My Metriaclima pulpican (aka Kingsizei) is definitely the meanest fish I've got. He's not the tank boss by a long shot, but he will pick on the subdom fish for absolutely no reason, and has killed a couple. He tries to start fights with the big guys, but when they put him in his place, it's like he gets mad and takes it out on the smaller ones. He's too cool to get rid of, though...


----------



## Cichlidman14 (Jul 17, 2013)

So far only 1 death of an electric blue johanni about when i first set up the tank. I'm just waiting for the bomb to go off  I have heard of red zebras but i have kept them and they don't seem to be that aggressive. What about you guys, have any aggressive red zebra or blue zebras.

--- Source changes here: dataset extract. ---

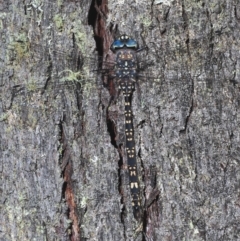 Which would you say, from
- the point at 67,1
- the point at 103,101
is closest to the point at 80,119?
the point at 103,101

Any one is fine. :thumb:


----------



## jlose600 (Aug 6, 2012)

Without a doubt Melanochromis chipokae. I had a six inch male kill a ten inch nimbochromis venustus and a seven inch Kenyi male!!


----------



## Iggy Newcastle (May 15, 2012)

jlose600 said:


> Without a doubt Melanochromis chipokae. I had a six inch male kill a ten inch nimbochromis venustus and a seven inch Kenyi male!!


That is pretty nuts!

I have never kept a fish with that 'extreme aggression' reputation. Seems like too much of a headache. I've had L. caeruleus that were just nasty though. Right now my L. Hongi male is probably my meanest fish. He's only about 3" but will take on anyone; even fish twice his weight. He has 6 lady friends in a 6' tank and chases them back and forth, over and over. He's a real ba5tard. A gorgeous ba5tard, though...


----------



## adevoid1 (Sep 16, 2013)

I have had a bad problem with a gold auratus, IT WAS MEAN. I was given one and he was 3 inches, it chase this one blue dolphin, which was 4 1/2 inches, constantly. after a week of being chased the dolphin finally died of stress.


----------



## Cichlidman14 (Jul 17, 2013)

Post some pictures of the fish if you still have him/her or an internet picture if you got rid of the fish. Here is the devil himself at around 5 inches he's the king. Though he keeps everyone in line but makes more trouble then there actually is


----------



## gverde (Mar 3, 2010)

I had a 7" m. chipoka when I had my first 55G as a teenager. That was the meanest fish I ever had. It would fight with everyone in the tank to the point where it almost killed everything. It would have probably killed a dovi twice its size. Had to return him to the LFS where I purchased him.


----------



## chopsteeks (Jul 23, 2013)

A possessed Auratus.

Decided to donate him to LFS, the following morning, I was going to catch him.....a red jewel cichlid had done the job for me. He shredded that auratus during the night !!


----------



## BC in SK (Aug 11, 2012)

Kept auratus and kenyi quite a few times, since the 1970's. Bumble bee for almost 4 years now. All 3 species are very aggressive in their own way but IME, auratus is by far the more aggressive, hands down!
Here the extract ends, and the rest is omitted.